WHAT THIS TASK INVOLVES: Your output should be the lines below from the one with "Pearl Necklaces for" through the one with "Fotoğraf makineli hatları", copied exactly, pictures excluded.
Segment Start: DATASET CONTENT
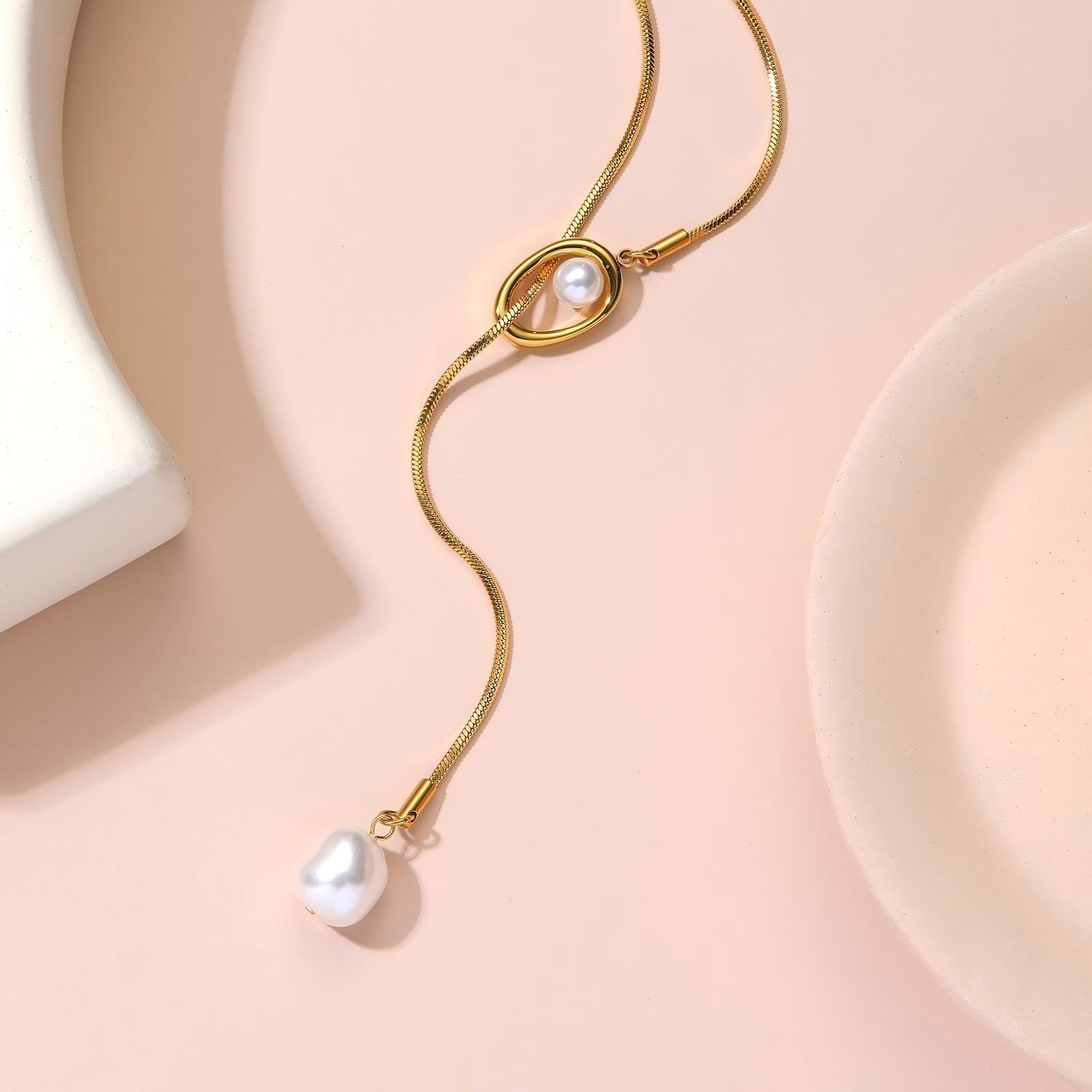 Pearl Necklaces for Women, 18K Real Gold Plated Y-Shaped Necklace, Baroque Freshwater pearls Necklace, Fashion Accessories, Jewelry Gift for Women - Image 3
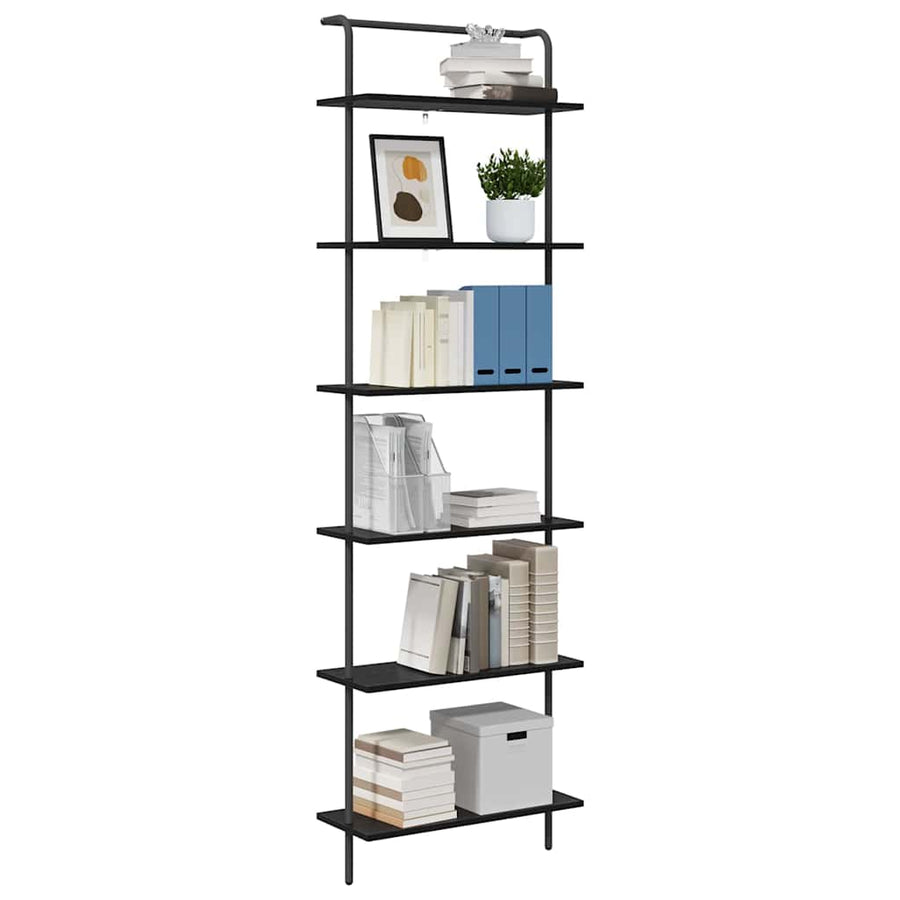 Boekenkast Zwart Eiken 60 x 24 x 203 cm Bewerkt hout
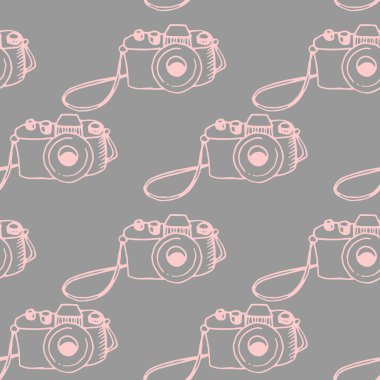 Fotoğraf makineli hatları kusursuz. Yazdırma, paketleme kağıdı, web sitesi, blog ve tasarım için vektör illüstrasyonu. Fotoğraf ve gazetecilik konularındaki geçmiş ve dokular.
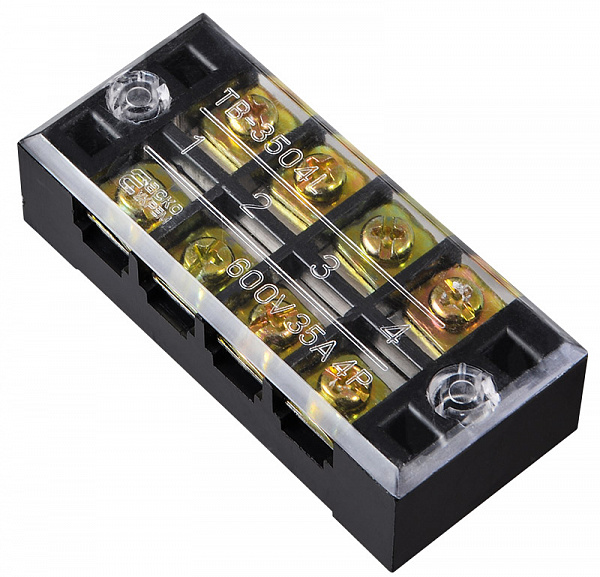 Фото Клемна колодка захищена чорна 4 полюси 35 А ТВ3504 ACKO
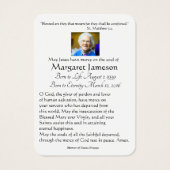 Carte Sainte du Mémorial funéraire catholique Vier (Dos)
Segment End: DATASET CONTENT
Segment Start: DATASET CONTENT
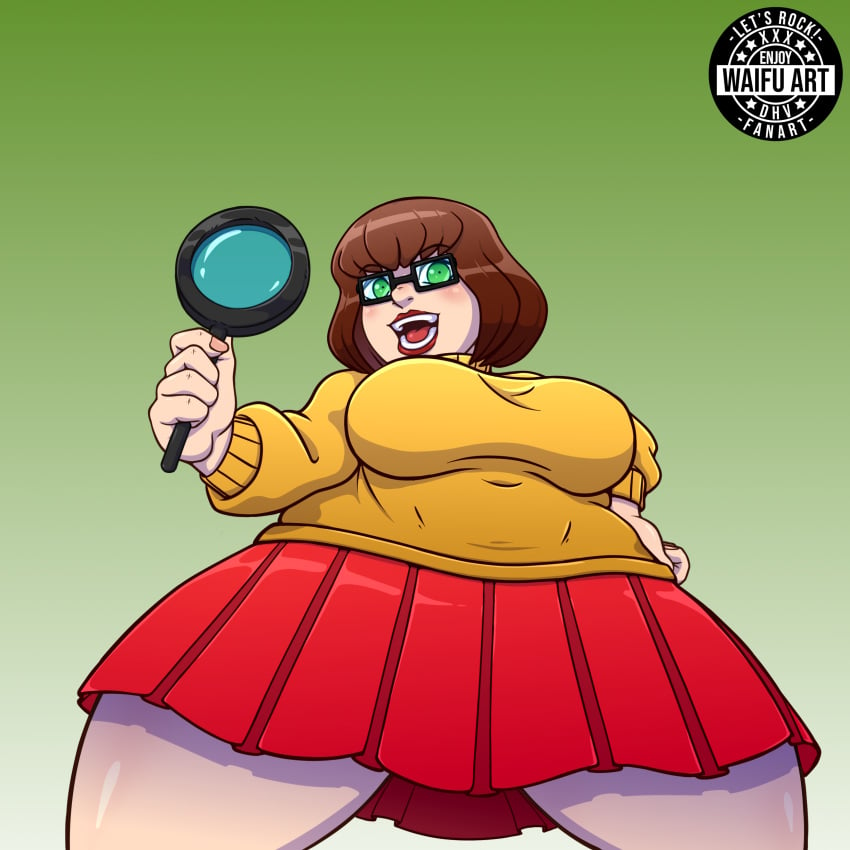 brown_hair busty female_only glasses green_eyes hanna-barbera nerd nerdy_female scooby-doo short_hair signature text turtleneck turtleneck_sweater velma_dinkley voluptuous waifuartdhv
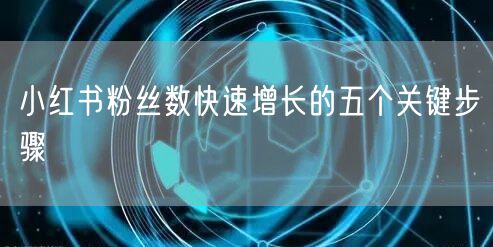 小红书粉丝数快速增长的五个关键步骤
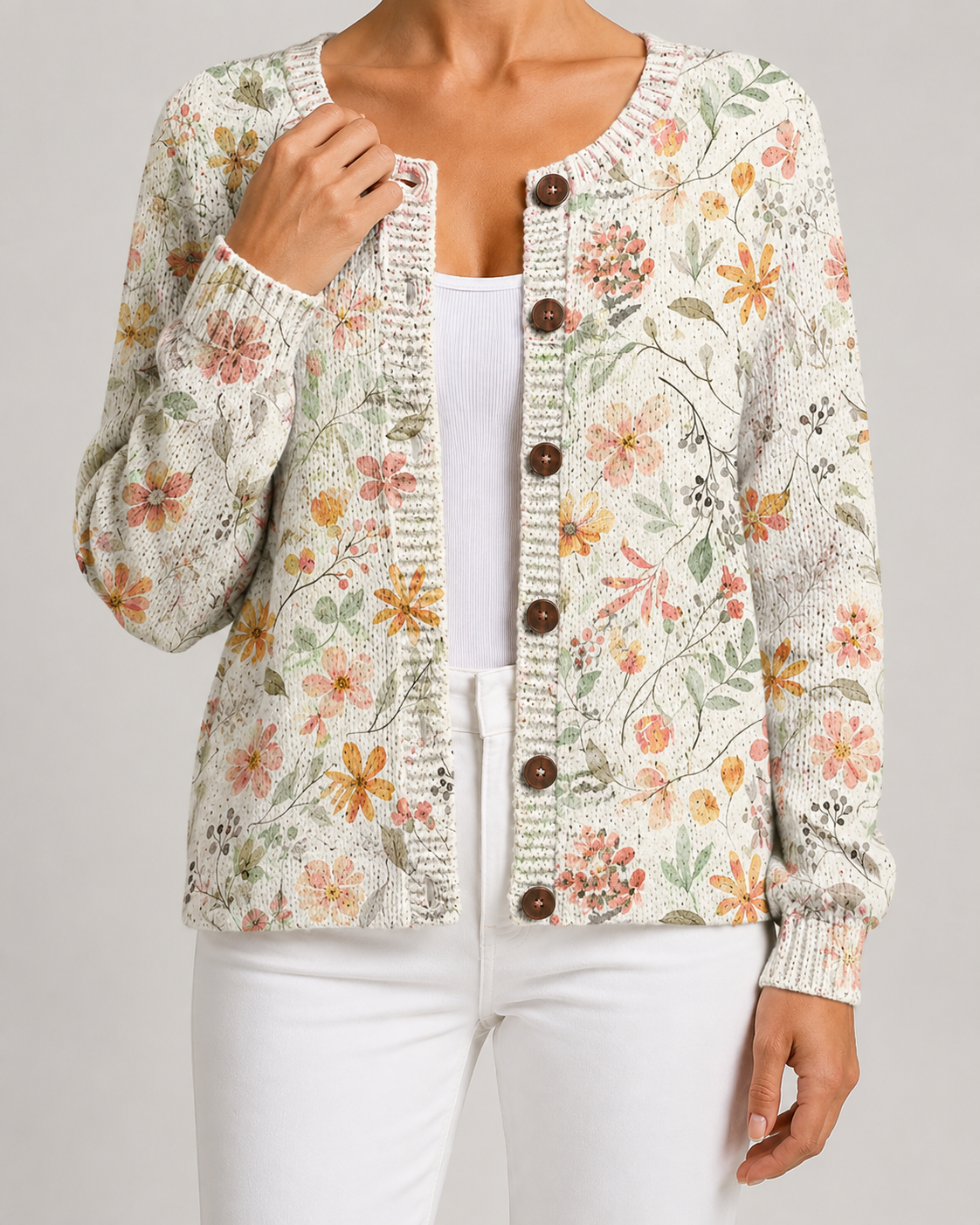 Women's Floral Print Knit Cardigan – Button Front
Segment End: DATASET CONTENT
ANSWER TO THE EXERCISE:
 Pearl Necklaces for Women, 18K Real Gold Plated Y-Shaped Necklace, Baroque Freshwater pearls Necklace, Fashion Accessories, Jewelry Gift for Women - Image 3
 Boekenkast Zwart Eiken 60 x 24 x 203 cm Bewerkt hout
 Fotoğraf makineli hatları kusursuz. Yazdırma, paketleme kağıdı, web sitesi, blog ve tasarım için vektör illüstrasyonu. Fotoğraf ve gazetecilik konularındaki geçmiş ve dokular.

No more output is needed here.